The editors chose to not prescribe dominant models for such preparation. It happens that every combination and variety, under various names and nomenclature, appears in the some twenty-three countries surveyed in this publication. While American community colleges are represented in the editor’s backgrounds, every country reaches its national technology preparation and post-secondary education goals in a variety of kinds and names of their institutions.
There appears to be great similarities among further education, technical education, polytechnic education, and community colleges. Most have similar challenges, particularly preparing a workforce that can succeed in different world economies.
We had hoped that offering this publication not only to the American Association of Community Colleges’ membership readers, but also to policy planners, principals, and ministries throughout the world. It is also hoped that the contributing chapter writers will use the network created by this book for further reference.
As reference source, this publication was not intended to be exhaustive. Of course, covering as many as twenty-three countries can only provide a snapshot of the structure, history, and the issues and challenges among several countries’ for various further education, community college and technical college systems.
Trends and Patterns
At the 2007 AACC Annual Convention in Tampa, Florida, three chapter contributors served as panelists. They spoke of some common issues and characteristics of the technical community college and further education systems among the twenty-three countries reviewed in this Global Survey. Generally, the panelists, Diane Oliver of Texas Tech, James Horton, former CEO of the Higher Colleges of Technology in the United Arab Emirates and Geoff Hall, President of the New College of Nottingham voiced these considerations.145
Both the developing countries, as well as the developed ones, all have energized intentions of moving up the tempo of refining their technical and workforce strategies for the new, increasingly complex global economy, the characteristics of which are being defined as this publication goes to press.
George Boggs underscores the energy to restructure and maintain a competitive foothold on the new global economy.
In the increasingly global society and economy, education is now seen as essential to a nation’s competitiveness and the standard of living of its people. (Boggs, Foreword, 2007)

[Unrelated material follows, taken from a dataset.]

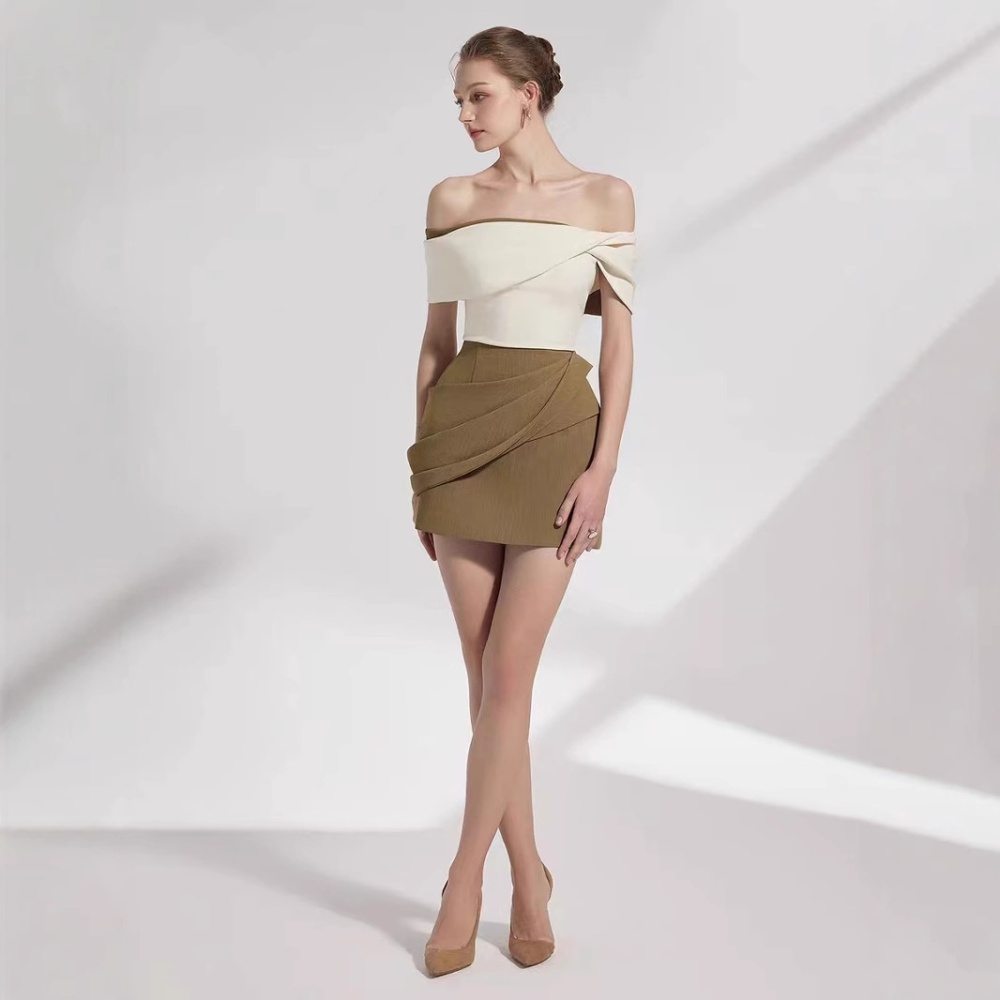 Flat shoulder elegant dress intellectuality T-back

Diane Oliver commented that at least ten community colleges are being planned for the Mekong Delta in Vietnam, a country she has studied and for which she has consulted. Such development has lead those involved in this Global Survey to be cautious when we are tempted to frame less developed countries as less activist in current, future oriented goals for their technical and post-secondary colleges. Which are developed and which are underdeveloped needs rethinking. Some Southeast Asia countries also speak of preparing for a knowledge economy. Hopefully, this Global Survey will assist readers in seeing different realities in many developing nations.

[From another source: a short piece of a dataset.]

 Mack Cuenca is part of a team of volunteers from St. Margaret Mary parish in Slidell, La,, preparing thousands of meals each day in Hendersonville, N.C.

The AACC Tampa Convention panelists did say
University transfer was generally less developed as a mission among many countries outside the United States.

While on the general surface we think this is true, but in the “Grid Analysis” (Table )146 developed by George Boggs, we can see the more significant gains in achieving some transfer of credit and course portability to universities. There are many arrangements and procedures for achieving college credit transfer to universities that have emerged in recent years. The Grid reveals these patterns in certain countries.
The Tampa AACC panelists also emphasized that
Names and terms mean different things in different countries.
One admonition offered by the panelists is that we should ask “What’s in a name?” Community College certainly means more than one thing. Americans in particular need to invoke more flexibility and tolerance for the word community. George Boggs’ foreword expands on such flexible definitions used by many countries.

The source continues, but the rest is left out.